Re: Fwd: rock store: a bug or ...?

Nikolai Gorchilov <niki@xxxxxxxx> · Wed, 29 Jan 2014 12:26:17 +0200

I just made a new discovery - the problem seemingly disappears when
running Squid with -N, thus removing the disker process out of the
equation.

Could it be a worker-disker IPC related issue, instead of rock store
specific problem?

Best,
Niki

On Wed, Jan 29, 2014 at 12:00 PM, Nikolai Gorchilov <niki@xxxxxxxx> wrote:
> Dear Amos
>
> On Wed, Jan 29, 2014 at 5:18 AM, Amos Jeffries <squid3@xxxxxxxxxxxxx> wrote:
>>>
>>> The simple steps to reproduce:
>>>
>>> 1. Empty store dir and recreate swap with -z
>>
>> Did you leave sufficient time after doing this to ensure that the -z
>> operation was completed successfully and all the "squid -z" spawned
>> processes stopped?
>
> Yes.
>
>>> 2. Start Squid with the above config
>>> 3. Open a new private browser session (or clear browser cache) and
>>> request www.w3.org.

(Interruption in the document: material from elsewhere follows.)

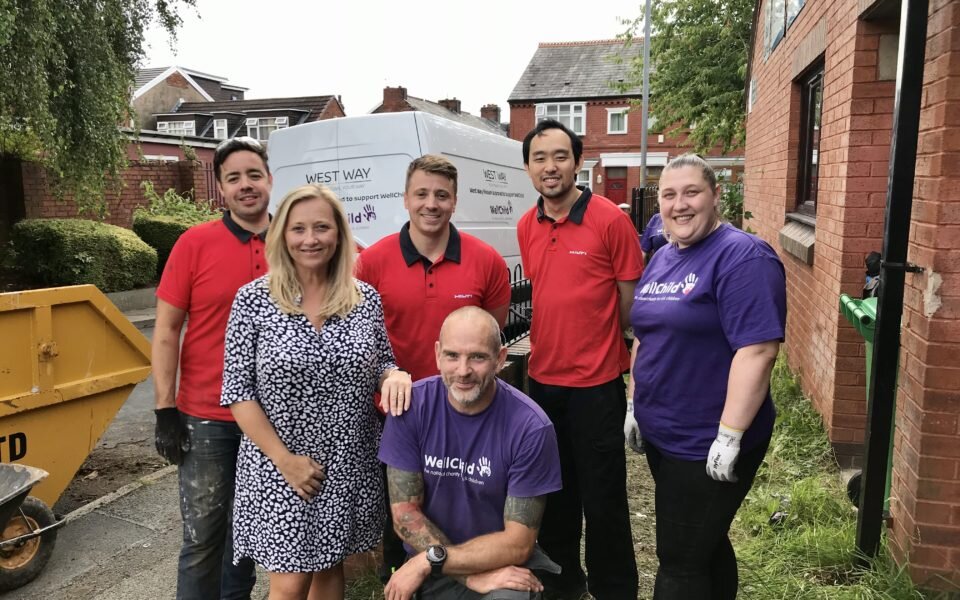 Helping hands volunteers stood with WellChild team after working on a garden transformation.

Most of the 35+ requested items will get cached.
>>> 4. Once the page loads fully, request full reload Ctrl-Shift-R/Cmd-Shift-R
>>
>> Step 4 operation is blocked by the "reload_into_ims on" config directive
>> which turns these force-reload (Cache-Control:no-cache) requests into
>> If-Modified-Since (IMS) requests.
>>
>> Under correct protocol operation they should be TCP_MISS responses.
>
> Exactly. This problem exists only when delivering TCP_HITs.
> TCP_REFRESH_UNMODIFIED for instance works fine.
>
> As mentioned in conf comments reload_into_ims is used only to make the
> problem reproduction easier - having multiple TCP_HITs in short period
> of time somehow trigger it.
>
> Same scenario works perfectly fine when using aufs.
>
>>>> During this (and every next) reload few (1-3-5) random requests out of
>>> all 35+ objects will enter into this strange state, until the user
>>> aborts the connection.
>>>
>>> Access.log excerpts:
>>> rock: http://pastebin.com/QWTgqRTD
>>> aufs: http://pastebin.com/0WGdHPP9
>>>
>>> Pay attention to '===[]===' marks in the logs, marking user's actions.
>>>
>>> Please help! Can you reproduce the problem or it's somehow related to
>>> my environment?
>>
>>
>> I note that you are only waiting 5-10 seconds between teh refresh and
>> escape. While this may be long enough, does the trace show any
>> difference if you leave it for a much longer time such as 30 or 60 seconds?
>
> I have seen connections in that state waiting for hours (say 1 night).
> Just did 30 minutes test:
>
> 1390989136.532 1910610 172.16.101.252 TCP_HIT_ABORTED/000 0 GET
> http://www.w3.org/2008/site/css/minimum - HIER_NONE/- -
>
> Checked active_connections for this same connection just before
> hitting ESC. Here's what Squid reports:
>
> Connection: 0x28e8be8
> FD 22, read 322, wrote 0
> FD desc: Reading next request
> in: buf 0x28eb9b0, offset 0, size 4096
> remote: 172.16.101.252:58477
> local: 192.168.1.10:3128
> nrequests: 1
> uri http://www.w3.org/2008/site/css/minimum
> logType TCP_HIT
> out.offset 0, out.size 0
> req_sz 322
> entry 0x2935d50/DC7BF6E1F61DA763BBCBD0043D4281A4
> start 1390987225.923229 (1886.649296 seconds ago)
> username -
>
> Hope this helps!
>
> Best,
> Niki